The answer must consist solely of the lines from the one with "Used Volkswagen Golf" through the last line of the data, copied exactly, with no pictures.

╭─ Supplied material

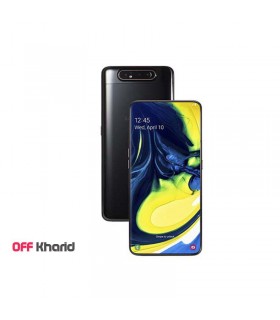 گوشی سامسونگ مدل  Samsung Galaxy A80 گوشی سامسونگ مدل  Samsung Galaxy A80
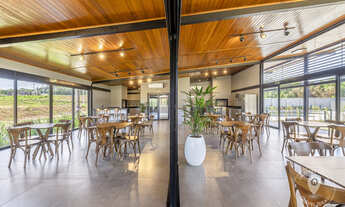 Imagem 5: Green Parque Jardim - Terreno em Condomínio Green Parque Jardim - Pronto p/Construir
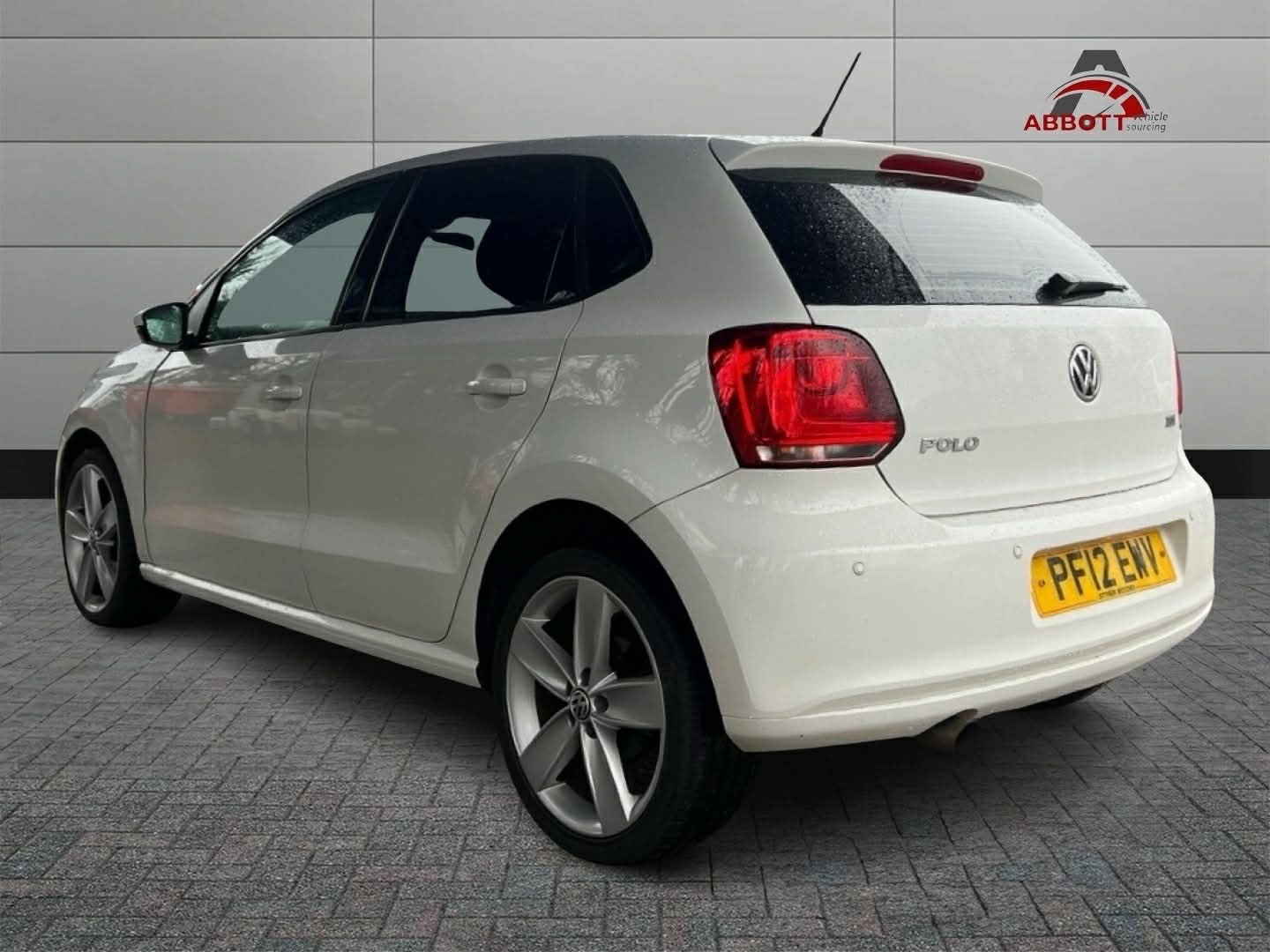 Used Volkswagen Golf 2012 for sale - 77677437: Photo 5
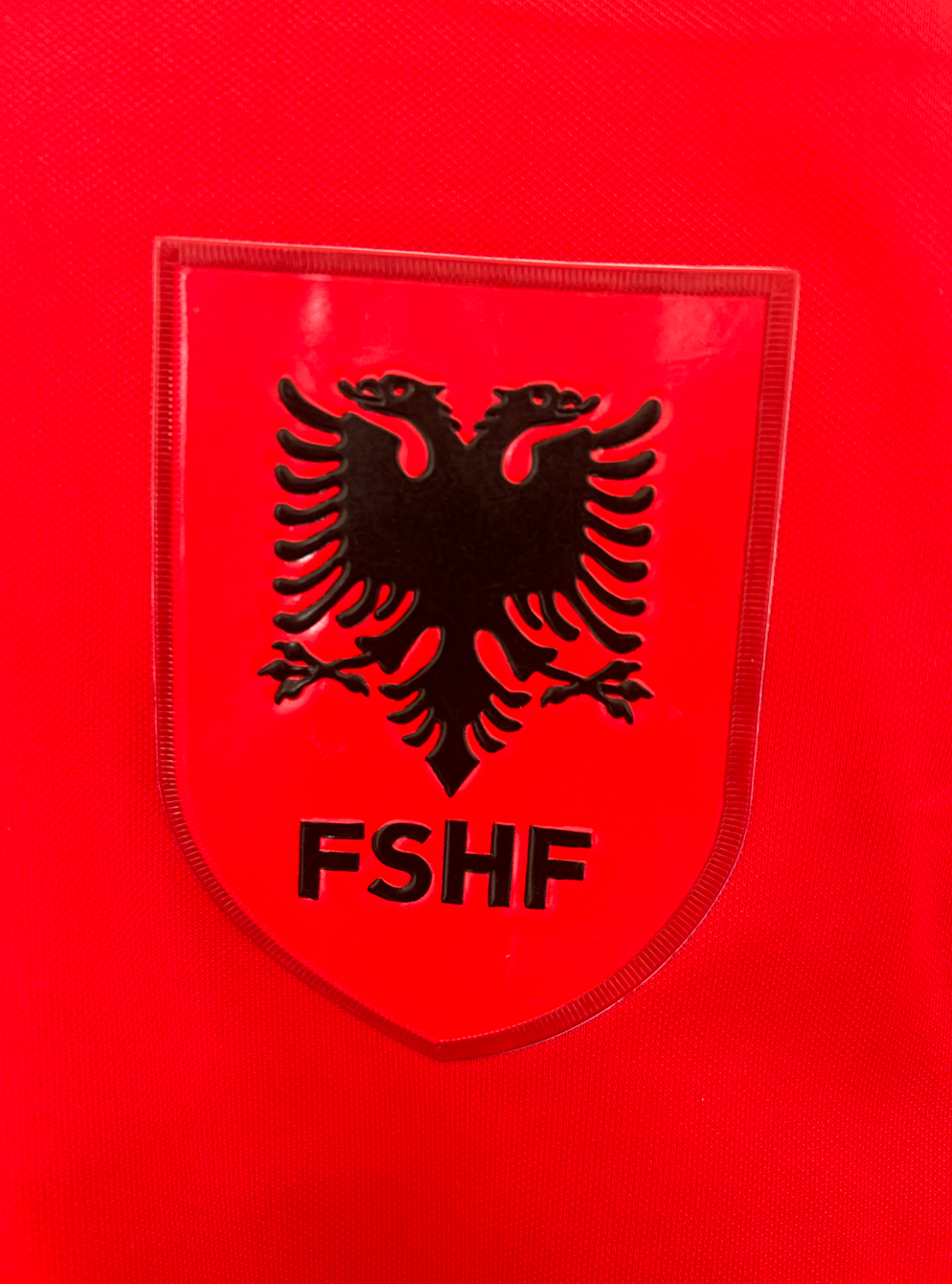 Albania 2025/2026 Home Kit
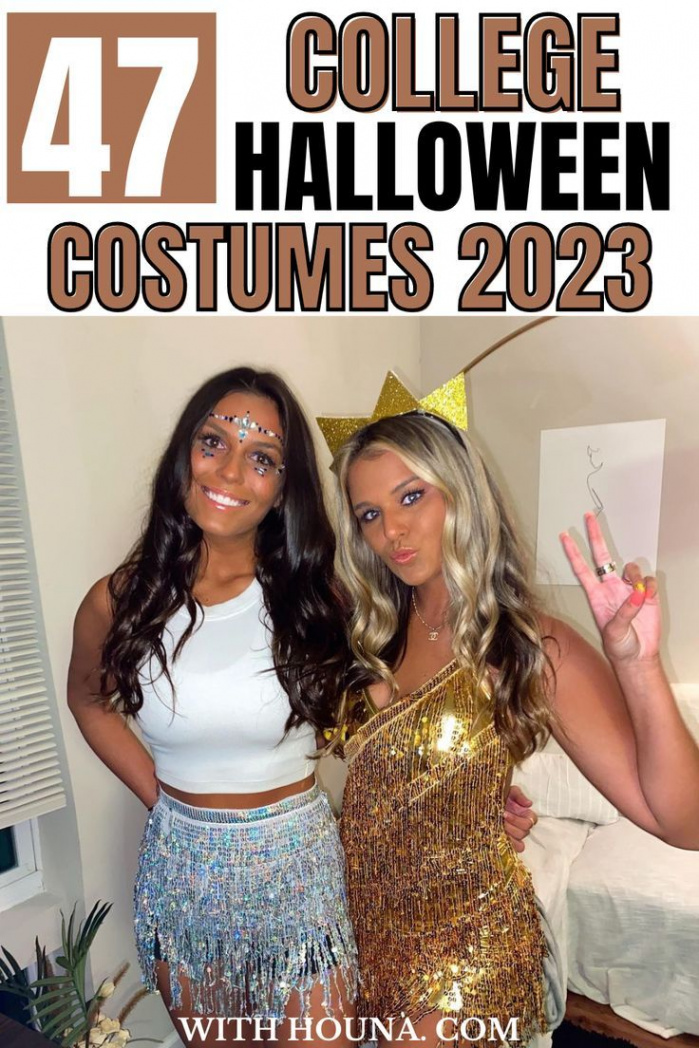 Pin on College Halloween Costume Ideas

╰─

_Task result_
 Used Volkswagen Golf 2012 for sale - 77677437: Photo 5
 Albania 2025/2026 Home Kit
 Pin on College Halloween Costume Ideas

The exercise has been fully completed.